As in Bernard Cornwell’s Sharpe? Not that I know of.....but Xenophon’s Anabasis itself is a riproarong tale of daring-do, complete with emotional highs (“Thelassa, Thelassa”.....or “Thelatta, Thelatta”) and lows (everything after their arrival at the Black Sea).
Don't believe either of those was originally written in ancient Greek. Nor are they featured in Xenophon.
Could recite a 'Kaire Maria' if I'm wrong.
Well, the New Testament is part of the Bible, and was written in Greek. Most of the rest of the Bible (the Old Testament) was written in Hebrew, though certain parts were written in Greek and all of it was translated into Greek (the “Septuagint) before the birth of Christ.
Please note the qualifying word 'original'. Yes they were all translated to Greek. And Latin. And English. Et cetera.
The language of the people of the Old Testament would be Hebrew, the people of the new testament Aramaic. At various points in the first and second centuries, the New Testament appeared, somewhat piecemeal, in 'common' Greek.
And neither work still has anything to do with Xenophon.
Last edited Mon Dec 25, 2017 9:59 pm (Total Number of Edits: 2)
I'm no biblical scholar, and therefore can only go by what evidence there is.
Old Testament For a starter, the original language and the oldest written version might be different, since they probably started as verbal only, and were passed through an oral tradition. Also, they aren't really a book so much as a collection of texts, letters and being handwritten, each copy was probably different.
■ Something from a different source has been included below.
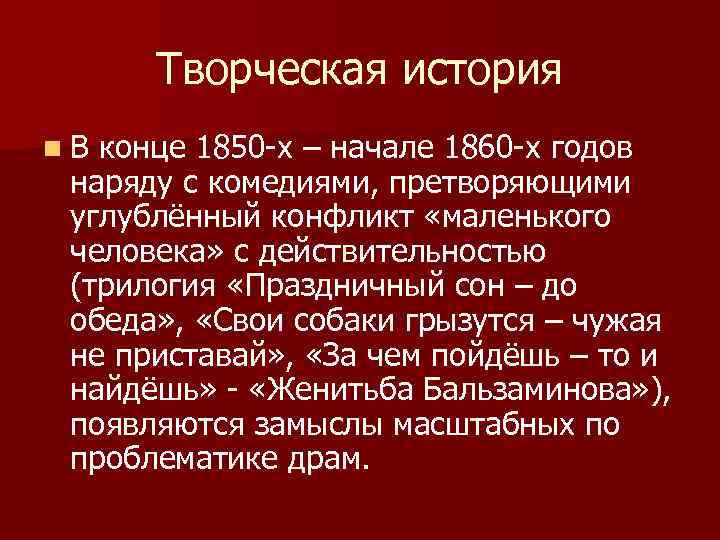 Творческая история n. В конце 1850 -х – начале 1860 -х годов наряду с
Similarly the New Testament, which is a smaller set of texts and across a shorter timeframe is generally considered (by scholars) to be written in Koine Greek (which was the administrative language of the day, since Alexander's day in fact), but that Jesus was an Aramaic speaker. https://en.wikipedia.org/wiki/New_Testament#Language
I hope you can all see that this is a well studied and hopelessly confusing subject, and that we won't bring this to any resolution on BGG. So if we can return to the novelisation of the 10,000, that might be for the best.